Managed Sales Pro’s Carrie Simpson

CS: Sales’ No. 1 complaint about marketing is that the leads they are generating aren’t closing. Marketing’s No. 1 complaints about sales [are] that they don’t work their leads, they drop the ball on leads because they aren’t “whales,” or they just want “slam dunk” leads that don’t [generate] any follow-up work.

CP: In the age of recurring services, how do these problems (such as misaligned incentives, lack of insight into pricing strategies and disparate goals) factor in?

KK: In a recurring services model, it’s critical for sales and marketing to move at a relatively fast cadence — for instance, driving to monthly or even weekly goals. And obviously, hitting the ground running at the beginning of the fiscal period or year impacts the larger revenue picture. Maximizing booked and installed revenue early in the year is really important and is difficult to achieve if sales and marketing aren’t fully aligned.

CS: You can’t incentivize your marketing team on the performance of your sales team, and vice versa. You can only incentivize people on what they personally can control and achieve. You need to identify a combination of variables to incent your team. If you look at Goodhart’s law, you can see that most incentive programs built around only one metric ([such as] number of leads, or number of appointments or closed deals monthly) are faulty from the beginning. Charles Goodwin stated “when a measure becomes a target, it ceases to be a good measure,” implying that if you measure only one thing, it can be “gamed.”

For example, if marketing [receives a bonus] based on their ability to collect business cards at a trade show, they stop caring about the quality of the leads. If the sales team is only incented on closed deals, they’ll offer deals just to hit that quota. So, you have two teams operating in independent silos, focused on one measurement. The company will flounder, while the teams both appear to be successful.

CP: What is one thing you hope your audience will take away from the panel?

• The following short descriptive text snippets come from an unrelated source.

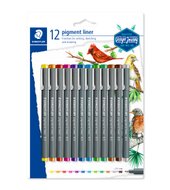 Blíster con 12 rotuladores pigment liner en colores surtidos (amarillo, naranja, rojo, fucsia, violeta, azul, azul claro, verde claro, verde, marrón claro, marrón, gris) con un grosor de trazo de aprox. 0,5 mm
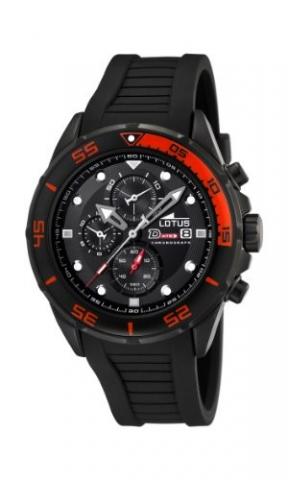 Relógio Lotus Men's ALARM CHRONO L15678/6 Black Resin Analog Quartz Watch with Black Dial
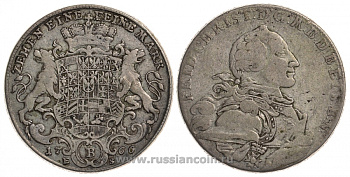 Бранденбург-Байрейт 1 талер 1766 ES, Фридрих Кристиан KM 252, Dav. 2042 серебро 00-000-00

HM: This is less about who’s right or wrong and more about 1+1=3. There are so many efficiencies and so much more that can get done when sales and marketing understand and respect what the other is trying to accomplish.

KK: I hope we are able to impart some tactical strategies and best practices to close gaps between marketing and sales teams to drive growth more effectively.

CS: Actionable information. Bring your biggest challenges — let’s hope everyone walks away ready to apply things that are applicable to their businesses instead of theories.